AMD notebook sales slip

Aggressive pricing by rival Intel dented chip maker's share of European market

AMD is losing its grip on the European notebook PC sector, according to figures from channel sales analyst Context.

Context claims that European channel sell-through figures for the first five months of 2004 show a "significant decline" in sales of AMD-powered notebook PCs. AMD's market share dropped to 10.7 per cent in May, compared with 16.7 per cent in January.

Intel Celeron-powered notebooks snatched 15 per cent of channel notebook PC sales in Europe's top seven economies, compared with 9.7 per cent in January, according to the analyst.

Jeremy Davies, senior partner at Context, said: "AMD launched an enormous push last year and many vendors were using its processors as entry-level platforms to get prices down. Intel responded by slashing the price of Celerons, particularly to local vendors using AMD."

Davies added that the battle between the two market leaders follows a pattern. "AMD finds a niche and exploits it, enjoying success for a while, and then Intel responds with an even better offer. Intel is huge compared with AMD," he said.

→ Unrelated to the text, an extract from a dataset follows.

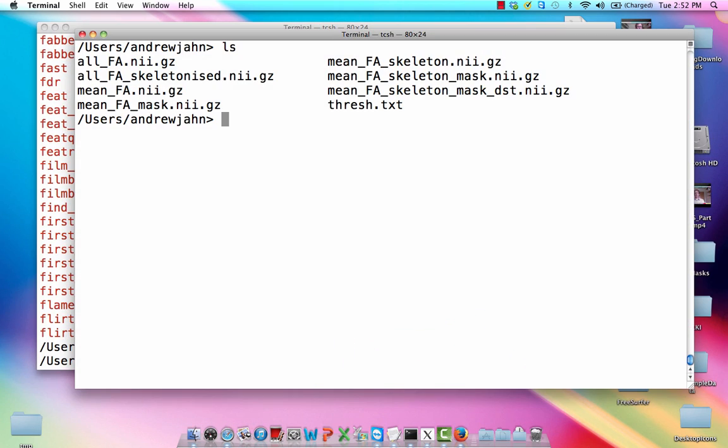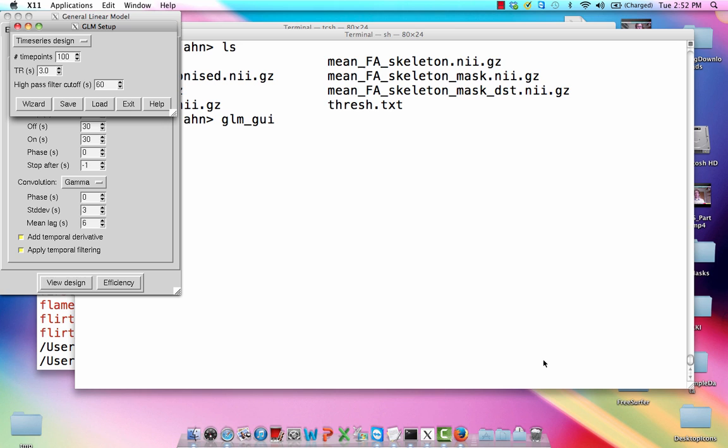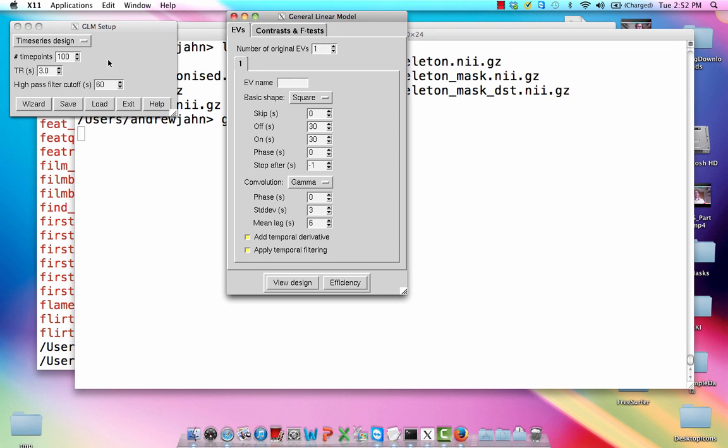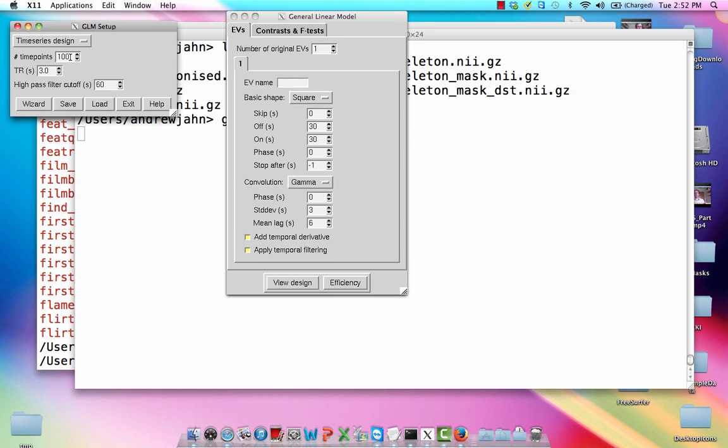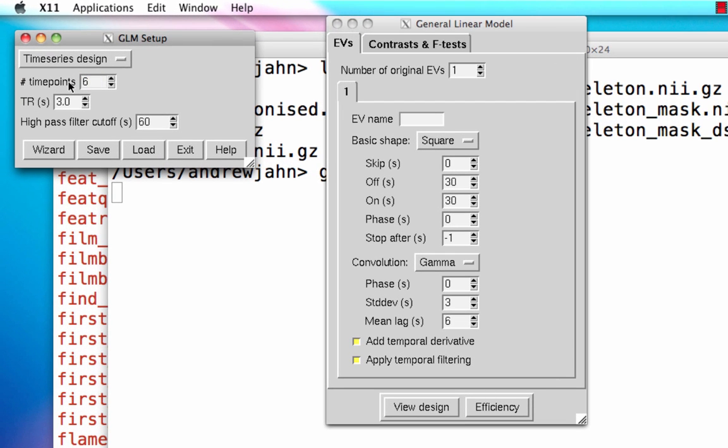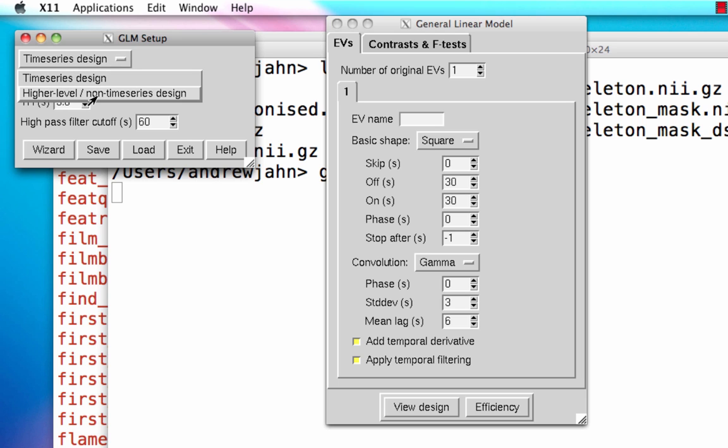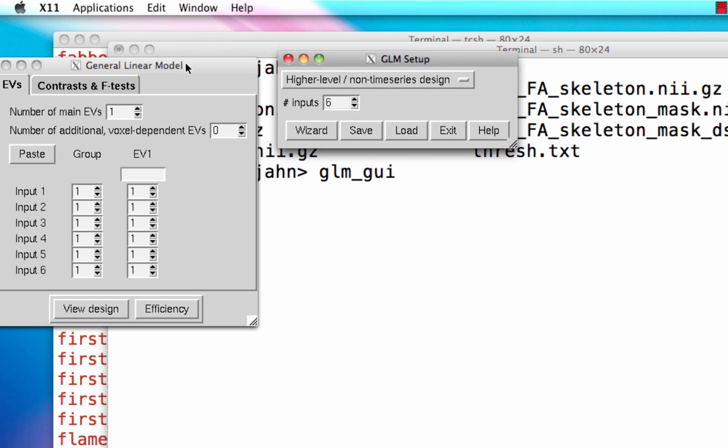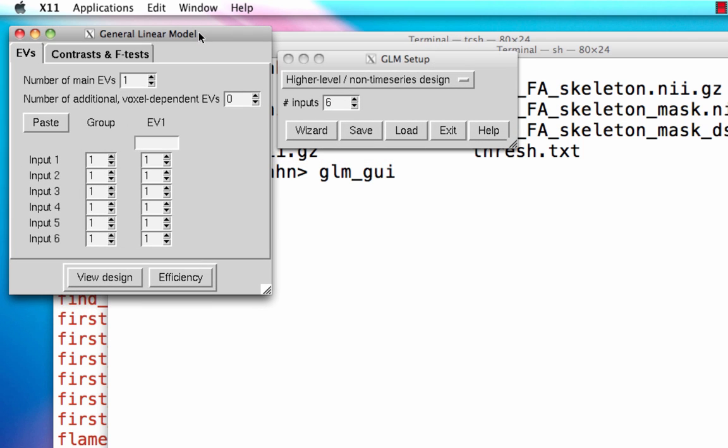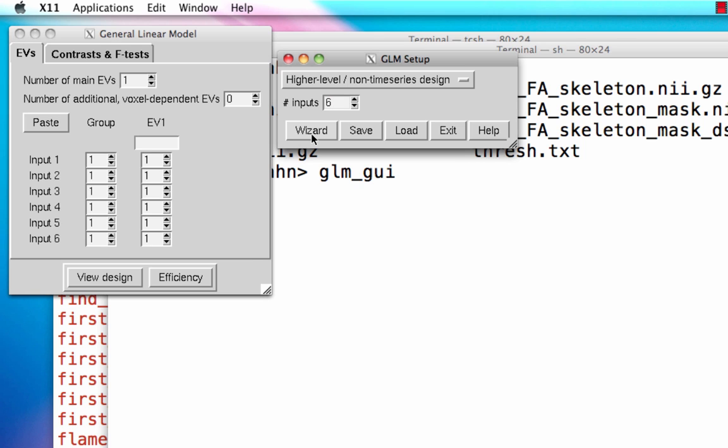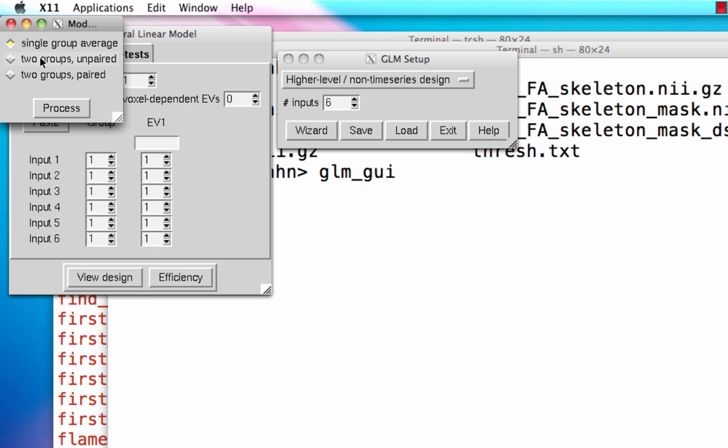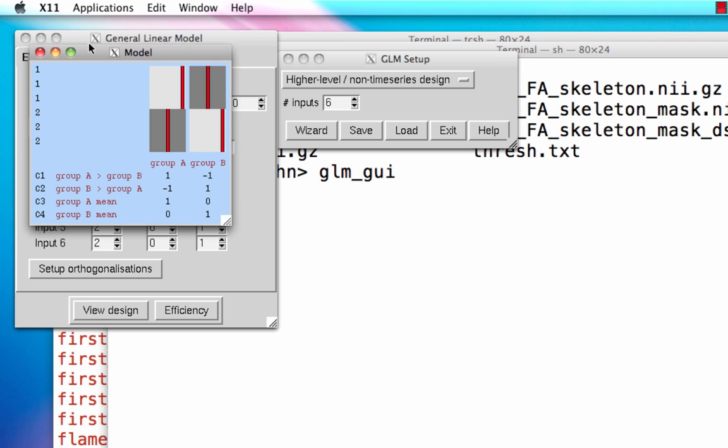So now we are within this stats dataset and we're going to set up a GLM just like we would with any other type of analysis. We want to set up a design and a contrast file so that we can carry out our contrast. Once you load up GLM GUI, select higher level design because we are carrying out a second level analysis. We have all of our subjects processed - there are only six in this example dataset, so you would change that based on how many people that you have. Next, click on wizard just to make life easy. And two groups unpaired - we're just contrasting three people in each group against each other. So a number of people in the first group, three, process and everything gets generated for you.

Gary Fowle, commercial director at Computer 2000, the UK arm of Tech Data, said he had not noticed a big drop in sales of AMD-powered notebooks.

"AMD has had a strong run in the past 12 months, with some real successes in the mobile market. This has slowed down, but it definitely isn't a slide," he said.

Fowle added that vendor loyalty is the real market driver. "Some vendors only produce AMD-powered machines and others are happy to sell both. We are doing well at the low end with AMD, but Intel is successful in the mid-market and higher end," he said.

AMD declined to comment at the time of going to press, because it is "unable to discuss market share issues".